This week I used UART communication to communicate between two Raspberry Pi Pico W’s, and I used wireless communication on a Raspberry Pi Pico W to control a servo motor. I also designed and milled a PCB board for the UART communication. Finally, I worked with Ryan Kim to communicate with two Raspberry Pi Pico W’s to control the color of NeoPixels.

Group Work

This week I worked with Ryan Kim and we used to Raspberry Pi Pico W’s to send RGB values and then turn a NeoPixel different colors based of the RGB values one of the Pico W’s was receiving. I learned a lot about wireless communication and how to upload and configure wireless code from this group project and you can see more of what we did here.

Wired Connection with UART

Initial Testing

I began this week with no knowledge of what networking was, but through Neil’s lecture and the cheat sheet I was given by my instructor, I figured out enough to complete the assignment.
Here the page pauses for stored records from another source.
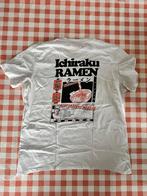 T shirt xl naruto, Comme neuf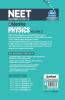 Objective Physics for NEET - Vol. 2 2021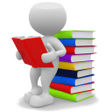 Icon of program: Book Planner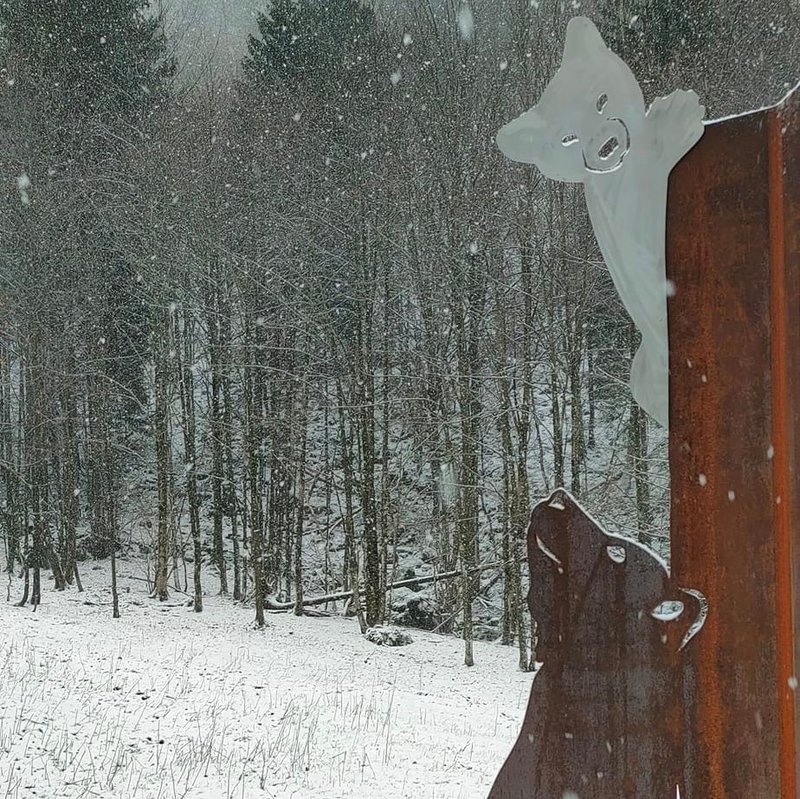 Percorso_Fuori_inverno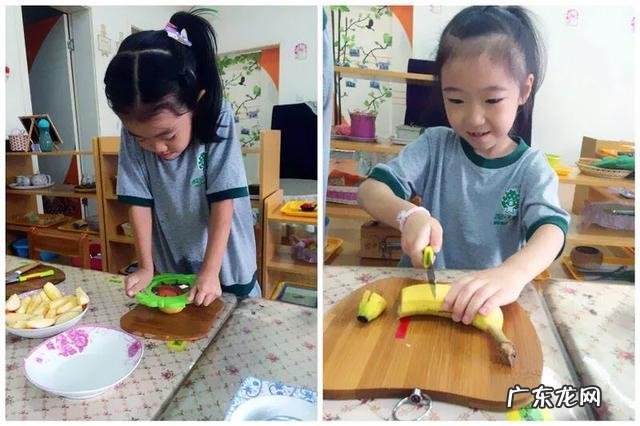 蒙氏教育真的那么神吗,蒙氏宝宝真的特别厉害吗?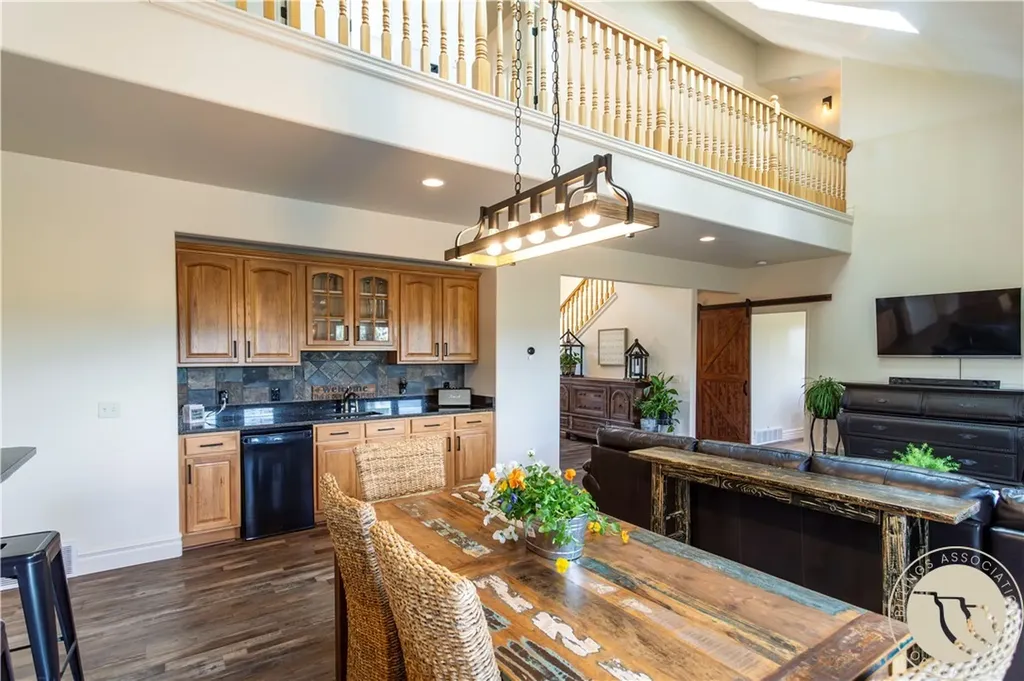 4411 Iron Horse Trail Billings MT 59106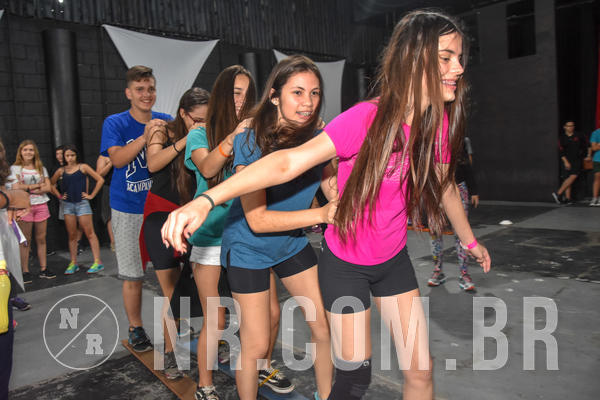 Buy your photos of the event NR Fun - 10 a 14/10/18 on Fotop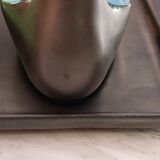 Ceramic aperitif service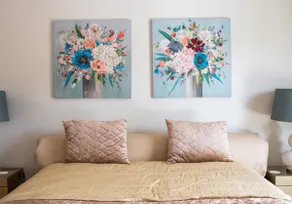 English house - Image 4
I began by following a YouTube video on how to connect two Pico’s with UART. This video guided me through how to get two picos to speak to each other. I first tried it out on two Raspberry Pi Picos connected to breadboards and uploaded the easy_comms code to each board and then followed by pico_comms_a to one board and pico_comms_b to the other. After doing that I wired the TX(pico a) –> RX(pico b), RX(a) –> TX(b), and GND –> GND. Then I saw inside the shell in Thonny the two sending each other messages and then I knew that they were both working. With that I moved to integrate an output with UART communication.
The shell of each Thonny window when the Pico were sending messages back and forth

Pico_comms_a code

// Code from this repo: https://github.com/kevinmcaleer/easy_comms
// Used by Ginny Foster during Fab Academy 2023

# Pico_comms_a
# Sends commands and listens to responses from pico_comms_b

from easy_comms import Easy_comms
from time import sleep

com1 = Easy_comms(uart_id=0, baud_rate=9600)
com1.start()

while True:
    message = ""
    message = com1.read()

    if message is not None:
        print(f"message received: {message.strip('\n')}")
    sleep(1)

Pico_comms_b code

// Code from this repo: https://github.com/kevinmcaleer/easy_comms
// Used by Ginny Foster during Fab Academy 2023

# Pico_comms_b
# Sends commands and listens to responses from pico_comms_a

from easy_comms import Easy_comms
from time import sleep

com1 = Easy_comms(uart_id=0, baud_rate=9600)
com1.start()

count = 0
while True:
    # send a message
    com1.send(f'hello, {count}')

    #check for messages
    message = com1.read()

    if message is not None:
        print(f"message received: {message.strip('\n')}")
    sleep(1)
    count +=1

Easy_comms code

// Code from this repo: https://github.com/kevinmcaleer/easy_comms
// Used by Ginny Foster during Fab Academy 2023

#Easy comms is a simple class that allows you to send and receive messages over a serial port.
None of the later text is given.